Das gilt im Makro- genauso wie im Mikrokosmos. Petra Winter, Verlegerin der Zeitschrift „Madame“, bestärkt ihre Geschlechtsgenossinnen deshalb auch dazu, zu tun, was Frauen sich viel zu selten trauen: von eigenen Erfolgen zu erzählen und nicht immer brav bescheiden zu sein. Sie erinnert in dem Museum, das mancher schon für ein Schloss gehalten hat, an einen Ausspruch von Queen Elizabeth II.: „Never explain, never complain!“ – erkläre dich nie, beschwere dich nie. Nicht das schlechteste Motto für ein erfolgreiches (Berufs-) Leben.
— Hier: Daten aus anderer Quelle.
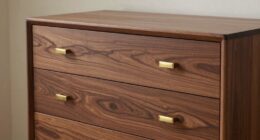 top luxury wood dresser choices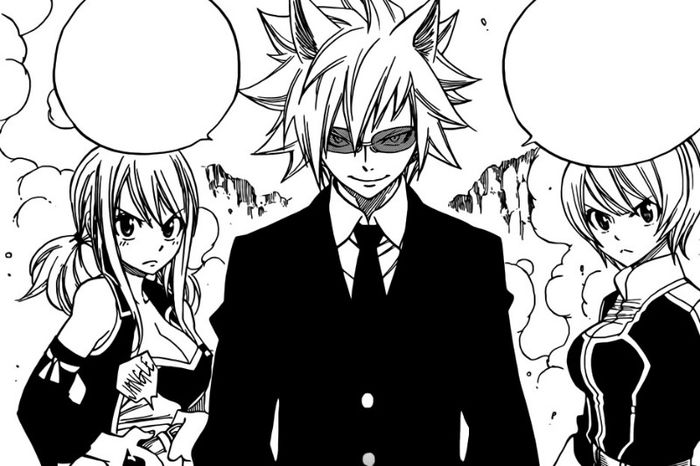 FAIRY TAIL Manga - 309 - Large 01 - Manga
Und weil man gemeinsam einfach mehr erreicht, glaubt Sonja Lechner unermüdlich an die Kraft von Netzwerken. Und an die Kraft der Kunst. Nach dem Lunch geht’s durchs Haus, erleben die Gäste Führungen zu Tilman Riemenschneider, Elfenbein, Porzellan und Kostüm. „Ich freue mich, dass so viele Damen hierher und nicht auf die Wiesn gegangen sind“, meinte einer der wenigen Herren an diesem Mittag, Willi Bonke (Premium Cars Rosenheim) zur Begrüßung. Frauen wie Corry Müller-Vivil, Susanne Porsche oder Felicitas von Lovenberg haben es gern getan. Denn sie wissen ja: Auf dem Oktoberfest lässt sich munter die Welt vergessen. Wer nicht nur die Leber, sondern den Geist stimulieren möchte, der kommt ins Museum. Gilt übrigens zu jeder Jahreszeit.